Era o Gonçalo a ralhar com ela,
lá da cozinha. Ela foi-se à pressa
e eu fiquei ruminando na promessa
dumas sopinhas frescas da panela

em que ela punha mil e um esmeros...
e saberes antigos... que os penates
guardavam na despensa, entre os temperos

com que ela camuflava disparates,
esturros e guisados exageros
de alhos, de cebolas, de tomates...




Nas sopas da panela não, que as fazia
sempre muito bem feitas, a rigor...
obras de muito cheiro e de sabor.
A terrina de louça em que as servia

fumegava na mesa e rescendia
a hortelã pimenta... um primor
que eu sempre lhe gabava com fervor:
—As suas sopas são uma magia!

-Mais ou menos... a gente cá se ajeita...
-Florinda há-de me dar essa receita
para eu levar para lá, para o Luís.

-Pois sim. Nada mais fácil. Qualquer
tipo da carne... frango... Quem quiser,
se for tempo de caça, codorniz.








—Coze-se a carne e coze-se o toucinho,
entremeado — bom é o do fumeiro...
A linguiça também... Vai tudo inteiro
com muita hortelã e um galhinho,

pequeno — quem tiver — de rosmaninho...
não há nada que dê aquele cheiro...
Coze-se tudo bem. O pão... caseiro,
rijinho... para ensopar bem o molhinho,

no fundo da terrina às fatias.
Por cima, as carnes, e essas bem macias...
a linguiça, o toucinho e... O caldinho

em que tudo cozeu, inda bem quente,
vai por cima de tudo. Ah, um dente
de alho, ou dois, que é para dar gostinho.

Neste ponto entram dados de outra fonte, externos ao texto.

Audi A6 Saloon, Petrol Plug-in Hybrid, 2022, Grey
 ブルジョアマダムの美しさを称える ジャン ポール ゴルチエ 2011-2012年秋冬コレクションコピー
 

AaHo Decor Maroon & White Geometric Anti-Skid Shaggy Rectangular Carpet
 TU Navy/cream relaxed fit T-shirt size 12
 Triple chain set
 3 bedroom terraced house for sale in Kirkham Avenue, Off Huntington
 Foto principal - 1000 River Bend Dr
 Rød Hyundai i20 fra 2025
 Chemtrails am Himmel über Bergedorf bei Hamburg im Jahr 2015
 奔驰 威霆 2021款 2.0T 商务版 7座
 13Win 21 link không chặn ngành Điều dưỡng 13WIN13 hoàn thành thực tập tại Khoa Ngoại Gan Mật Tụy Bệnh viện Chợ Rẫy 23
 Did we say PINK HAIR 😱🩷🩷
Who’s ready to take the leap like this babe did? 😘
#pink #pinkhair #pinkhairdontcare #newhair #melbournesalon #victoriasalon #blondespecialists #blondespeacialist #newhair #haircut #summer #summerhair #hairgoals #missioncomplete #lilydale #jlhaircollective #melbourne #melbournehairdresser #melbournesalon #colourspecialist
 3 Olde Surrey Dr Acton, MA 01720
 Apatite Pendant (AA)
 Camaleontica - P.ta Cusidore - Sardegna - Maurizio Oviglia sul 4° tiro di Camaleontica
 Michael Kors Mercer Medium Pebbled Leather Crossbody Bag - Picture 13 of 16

E voltou-se a falar da Ricardina,
do Tonho e do Rui, e do Albano...
dos que tinham partido ano após ano,
cumprindo aquela dura e triste sina

da emigração... ou fuga clandestina
que os levava a cruzar o oceano,
no porão dum navio americano,
e daí para a cadeia... e para a ruína.

Todos os do meu tempo e criação,
e muitos que eu não tinha conhecido,
tinham partido atrás de vãs esperanças,

deixando os seus na triste condição
de povo destroçado, reduzido
a velhos, a mulheres e crianças.








—Não , isto já não é o que era dantes—
diz o Gonçalo, e a Florinda aprova
—estão todos como eu, de pés para a cova,
uma velhada às sopas de emigrantes...


Aqui, ela discorda: -Os tratantes
dos retornados são gente bem nova,
mas pede-se uma ajuda... uma ova!
Uns egoístas, uns comerciantes...


E assim, entre os queixumes do Gonçalo,
de que eu nunca pude consolá-lo,
e os ralhos rabugentos da Florinda,

vivia eu na quinta, infeliz,
a maldizer a ideia do Luís
que tinha sugerido a minha vinda...




Mal saía de casa e, se saía,
era para voltar mais deprimido
que o abandono em que tinha caído
a pobre vila, quanto mais o via,

tanto mais me custava e entristecia.
Ruas desertas que tinham perdido
o riso das crianças... e esquecido
as vozes do passado e a alegria.

Assim à minha volta foi crescendo
um vazio tão triste, uma orfandade
tão grande, tão total, tão desolada...

e foi-se, na minha alma, escurecendo
um espaço de sombra em que a saudade
se ia delindo aos poucos... apagada.